Saturday mornings at the Y, just like any morning, is a great time to explore the physical and philosophical practice of yoga. However, I am partial to my Saturdays since I have 90 minutes to engage in the practice of exploration. For the last few years, I have started the new year with a “Building From the Ground Up” sequence – each Saturday adding more poses and another layer of the philosophy. Sometimes I still tie-in a meditation point specific to the date, and to whatever aspect of the philosophy is on tap for the day. Sometimes, however, it’s just straight philosophy and an opportunity to consider the meditation through movement. Whatever I plan for the year, usually wraps up around the end of July – when we start breaking down a different physical practice, the Ashtanga Primary Series.

This year, philosophically, I decided to sequentially move through Patanjali’s Yoga Sutras. Each week breaking down a sutra with commentary. (This week will be YS 1.31.) Physically, we have been breaking down a course of poses outlined by B. K. S. Iyengar in Light On Yoga.

The Saturday class is not an Iyengar class; however, (as teachers like Seane Corn have pointed out) if you are going to practice vinyasa, it’s a good idea to practice Iyengar as it will give you the solid foundation and insight into the asanas (poses).

Iyengar’s Course I is 30 weeks of detailed practice, specifically intended to build a physical practice from the ground up. While they are not limbs themselves, abhyasa (continuous practice with devotion) and vairagya (actively practicing the art of letting go or non-attachment) definitely make up the fertile soil from which the 8-limbs of yoga grow and thrive. And, they are key elements to the courses that appear in the appendix of Light On Yoga.  At first, each set of poses is practiced for two (2) weeks before additional poses are added to the sequence. Later, some sequences are repeated for three (3) or four (4) weeks – and sometimes the order of the sequence changes. The 30-week course is followed by a 3-day course, which is slightly different from the 30-day course since the asanas are timed. Finally, there is some guidance on adding sun salutations (surya namaskar) to the physical practice and a list entitled “Important asanas in Course I.”

“If these asanas are mastered then the others given in this course will come even without regular practice.

– B. K. S. Iyengar writing about the “Impostant asanas in Course I”

The important asanas list, when followed by the sun salutations, looks and feels a lot like one of the first vinyasa practices to appear in the West, the Ashtanga Primary Series introduced to Sri Pattabhi Jois.  This is not a random coincidence. While Iyengar and Jois were in very different physical/health conditions when they started practicing yoga, they practiced at the same time and with the same teacher: Sri Krishnamacharya. The practices they introduced to the West – just like the physical practices introduced by some of Krishnamacharya’s other students (including Indra Devi, T. K. V. Desikichar, and A. G. Mohan) reflect their own personal practices – which were the result of the physical and mental needs. Remember, classically, the physical practice of yoga (hatha yoga, regardless of the style or tradition) prepares the practitioner for deep-seated meditation. Ergo, even though they might practice the same poses, a very sickly young boy may use a different method of practice than a very active teenage boy.

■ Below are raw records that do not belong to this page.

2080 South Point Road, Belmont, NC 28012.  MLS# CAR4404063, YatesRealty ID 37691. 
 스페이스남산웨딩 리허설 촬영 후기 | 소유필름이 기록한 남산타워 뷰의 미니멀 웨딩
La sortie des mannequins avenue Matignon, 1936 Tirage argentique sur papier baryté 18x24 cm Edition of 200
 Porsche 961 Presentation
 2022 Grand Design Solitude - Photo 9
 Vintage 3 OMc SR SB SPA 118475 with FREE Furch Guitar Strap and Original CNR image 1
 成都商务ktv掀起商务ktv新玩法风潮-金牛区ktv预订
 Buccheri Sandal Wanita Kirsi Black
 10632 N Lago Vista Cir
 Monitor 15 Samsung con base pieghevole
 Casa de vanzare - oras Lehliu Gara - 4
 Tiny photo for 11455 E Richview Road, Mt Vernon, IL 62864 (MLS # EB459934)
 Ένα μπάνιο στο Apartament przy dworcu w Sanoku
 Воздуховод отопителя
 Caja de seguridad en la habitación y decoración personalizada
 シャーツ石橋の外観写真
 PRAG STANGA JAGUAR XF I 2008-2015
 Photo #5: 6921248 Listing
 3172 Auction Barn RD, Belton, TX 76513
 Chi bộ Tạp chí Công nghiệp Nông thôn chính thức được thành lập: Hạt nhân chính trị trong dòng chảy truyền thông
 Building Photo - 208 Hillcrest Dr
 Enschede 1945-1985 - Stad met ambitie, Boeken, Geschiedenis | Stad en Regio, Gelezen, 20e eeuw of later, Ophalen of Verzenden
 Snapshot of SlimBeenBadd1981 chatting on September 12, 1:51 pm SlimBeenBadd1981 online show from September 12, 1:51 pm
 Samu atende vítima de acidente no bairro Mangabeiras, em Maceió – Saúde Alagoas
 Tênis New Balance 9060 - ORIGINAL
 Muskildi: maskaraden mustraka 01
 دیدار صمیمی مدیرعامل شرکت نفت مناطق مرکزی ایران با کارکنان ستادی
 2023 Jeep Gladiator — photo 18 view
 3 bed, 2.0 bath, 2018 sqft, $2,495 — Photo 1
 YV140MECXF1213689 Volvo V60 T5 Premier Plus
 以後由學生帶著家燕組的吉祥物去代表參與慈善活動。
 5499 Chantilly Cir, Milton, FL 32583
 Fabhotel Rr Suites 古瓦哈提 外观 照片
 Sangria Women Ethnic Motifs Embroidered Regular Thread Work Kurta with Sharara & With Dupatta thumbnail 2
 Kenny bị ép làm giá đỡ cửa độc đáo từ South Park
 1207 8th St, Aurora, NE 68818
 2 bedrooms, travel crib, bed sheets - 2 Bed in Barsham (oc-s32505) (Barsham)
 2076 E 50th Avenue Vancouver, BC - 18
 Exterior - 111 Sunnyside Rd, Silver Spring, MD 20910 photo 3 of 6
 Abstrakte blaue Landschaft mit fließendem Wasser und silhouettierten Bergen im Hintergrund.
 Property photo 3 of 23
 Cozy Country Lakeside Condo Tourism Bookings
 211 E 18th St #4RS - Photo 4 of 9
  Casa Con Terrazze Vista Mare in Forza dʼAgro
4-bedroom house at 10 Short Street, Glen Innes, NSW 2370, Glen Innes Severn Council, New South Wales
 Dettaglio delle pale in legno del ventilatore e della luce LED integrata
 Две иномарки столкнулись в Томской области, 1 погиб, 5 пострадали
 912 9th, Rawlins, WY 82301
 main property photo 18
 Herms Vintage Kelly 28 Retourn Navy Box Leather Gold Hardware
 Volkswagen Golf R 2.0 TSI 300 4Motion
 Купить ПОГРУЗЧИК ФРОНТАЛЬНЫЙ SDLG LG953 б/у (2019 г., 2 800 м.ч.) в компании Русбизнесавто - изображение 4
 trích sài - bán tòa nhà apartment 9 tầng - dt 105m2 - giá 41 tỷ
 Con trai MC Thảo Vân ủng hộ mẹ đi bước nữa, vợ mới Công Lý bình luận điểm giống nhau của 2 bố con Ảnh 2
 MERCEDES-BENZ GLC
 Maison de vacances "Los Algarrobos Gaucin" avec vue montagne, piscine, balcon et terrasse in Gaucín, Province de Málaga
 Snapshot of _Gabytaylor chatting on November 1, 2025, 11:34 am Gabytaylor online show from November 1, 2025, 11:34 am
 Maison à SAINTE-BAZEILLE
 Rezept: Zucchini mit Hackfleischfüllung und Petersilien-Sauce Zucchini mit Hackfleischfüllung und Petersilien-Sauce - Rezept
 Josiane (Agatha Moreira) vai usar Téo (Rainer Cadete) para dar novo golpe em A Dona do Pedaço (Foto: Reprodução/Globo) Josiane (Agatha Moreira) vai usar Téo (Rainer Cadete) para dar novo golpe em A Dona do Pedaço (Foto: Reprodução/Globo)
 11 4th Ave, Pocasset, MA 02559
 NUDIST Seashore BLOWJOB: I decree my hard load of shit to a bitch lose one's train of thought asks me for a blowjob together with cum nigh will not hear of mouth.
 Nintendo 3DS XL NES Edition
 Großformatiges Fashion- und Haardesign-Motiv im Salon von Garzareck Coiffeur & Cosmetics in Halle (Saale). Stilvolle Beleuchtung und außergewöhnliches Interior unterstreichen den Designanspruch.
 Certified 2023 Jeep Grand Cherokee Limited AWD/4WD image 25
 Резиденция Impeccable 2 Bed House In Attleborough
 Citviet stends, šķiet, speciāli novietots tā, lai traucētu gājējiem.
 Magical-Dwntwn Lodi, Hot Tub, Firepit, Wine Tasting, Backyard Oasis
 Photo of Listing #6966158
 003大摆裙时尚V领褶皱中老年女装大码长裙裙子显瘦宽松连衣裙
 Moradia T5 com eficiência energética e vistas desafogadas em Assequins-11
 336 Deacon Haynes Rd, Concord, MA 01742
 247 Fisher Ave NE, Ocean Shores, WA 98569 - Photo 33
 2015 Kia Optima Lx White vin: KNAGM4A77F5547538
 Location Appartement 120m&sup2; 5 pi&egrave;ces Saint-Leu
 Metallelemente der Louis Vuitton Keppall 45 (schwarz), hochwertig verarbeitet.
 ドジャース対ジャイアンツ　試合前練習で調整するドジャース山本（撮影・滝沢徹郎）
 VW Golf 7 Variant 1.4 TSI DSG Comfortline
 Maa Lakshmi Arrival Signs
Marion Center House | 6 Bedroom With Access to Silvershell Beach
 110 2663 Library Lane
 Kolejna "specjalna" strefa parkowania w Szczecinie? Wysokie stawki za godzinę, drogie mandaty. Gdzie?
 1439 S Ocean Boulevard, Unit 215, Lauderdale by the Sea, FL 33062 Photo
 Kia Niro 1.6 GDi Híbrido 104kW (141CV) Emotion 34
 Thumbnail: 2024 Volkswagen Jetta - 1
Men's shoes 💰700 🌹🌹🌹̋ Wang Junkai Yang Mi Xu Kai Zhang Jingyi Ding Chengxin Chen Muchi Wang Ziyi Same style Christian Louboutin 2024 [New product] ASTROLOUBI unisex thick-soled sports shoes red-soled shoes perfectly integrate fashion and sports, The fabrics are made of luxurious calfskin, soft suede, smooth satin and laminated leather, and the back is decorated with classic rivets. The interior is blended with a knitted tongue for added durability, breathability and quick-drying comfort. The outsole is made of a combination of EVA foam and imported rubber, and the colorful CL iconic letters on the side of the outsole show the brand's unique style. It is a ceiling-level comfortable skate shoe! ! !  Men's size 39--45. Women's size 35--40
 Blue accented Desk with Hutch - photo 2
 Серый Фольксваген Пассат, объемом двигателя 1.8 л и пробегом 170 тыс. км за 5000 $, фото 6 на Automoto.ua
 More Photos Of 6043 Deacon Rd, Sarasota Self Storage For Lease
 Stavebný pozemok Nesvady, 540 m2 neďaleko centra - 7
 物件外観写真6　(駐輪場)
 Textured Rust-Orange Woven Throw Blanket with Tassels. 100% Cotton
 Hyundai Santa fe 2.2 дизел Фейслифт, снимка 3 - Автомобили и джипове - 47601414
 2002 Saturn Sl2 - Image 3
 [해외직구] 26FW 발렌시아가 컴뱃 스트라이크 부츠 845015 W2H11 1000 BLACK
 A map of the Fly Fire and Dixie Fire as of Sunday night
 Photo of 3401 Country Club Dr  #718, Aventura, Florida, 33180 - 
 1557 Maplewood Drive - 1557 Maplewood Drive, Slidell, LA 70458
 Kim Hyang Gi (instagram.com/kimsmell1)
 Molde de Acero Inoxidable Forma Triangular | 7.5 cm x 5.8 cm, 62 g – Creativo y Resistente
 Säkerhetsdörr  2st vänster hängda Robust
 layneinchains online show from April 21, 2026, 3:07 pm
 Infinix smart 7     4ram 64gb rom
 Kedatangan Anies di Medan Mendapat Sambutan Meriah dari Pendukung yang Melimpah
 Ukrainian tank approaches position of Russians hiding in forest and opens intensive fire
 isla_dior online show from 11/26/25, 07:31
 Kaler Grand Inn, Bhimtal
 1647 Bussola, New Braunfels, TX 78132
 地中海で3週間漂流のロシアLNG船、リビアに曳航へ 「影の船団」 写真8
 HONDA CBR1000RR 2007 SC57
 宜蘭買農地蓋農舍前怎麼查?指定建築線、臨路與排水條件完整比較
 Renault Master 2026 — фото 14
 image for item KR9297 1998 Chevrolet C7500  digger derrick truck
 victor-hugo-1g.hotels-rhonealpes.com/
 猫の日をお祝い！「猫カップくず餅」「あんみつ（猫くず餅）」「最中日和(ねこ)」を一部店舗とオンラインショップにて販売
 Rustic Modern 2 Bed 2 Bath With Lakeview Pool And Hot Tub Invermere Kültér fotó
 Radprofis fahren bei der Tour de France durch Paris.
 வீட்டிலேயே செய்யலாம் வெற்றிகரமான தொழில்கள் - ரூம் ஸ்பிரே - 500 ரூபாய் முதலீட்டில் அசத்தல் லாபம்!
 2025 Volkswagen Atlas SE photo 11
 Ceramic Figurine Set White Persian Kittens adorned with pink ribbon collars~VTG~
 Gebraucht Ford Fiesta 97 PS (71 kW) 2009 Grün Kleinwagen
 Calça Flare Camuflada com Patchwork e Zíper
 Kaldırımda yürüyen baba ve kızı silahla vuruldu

(Side Note: It is also not a random coincidence that we generally start exploring the Ashtanga Primary series at the end of July: instead the timing coincides with the birthday of Sri Pattabhi Jois.)

YMCA classes are always open to members and their guests. If you are a member, please feel free to join us for class at any time throughout the year – and, feel free to bring a guest.

For further reading, check out Light on Yoga by B. K. S. Iyengar; Heart of Yoga by T. K. V. Desikichar; Ashtanga Yoga the Practice Manual by David Swenson; The Secret of the Yoga Sutra: Samadhi Pada by Pandit Rajmani Tigunait, PhD (Note: This is Part 1 of a series and only includes the first section of the sutras. There are many translations of the sutras, a great online resource is Patanjali’s Yoga Sutras on swamij.com.)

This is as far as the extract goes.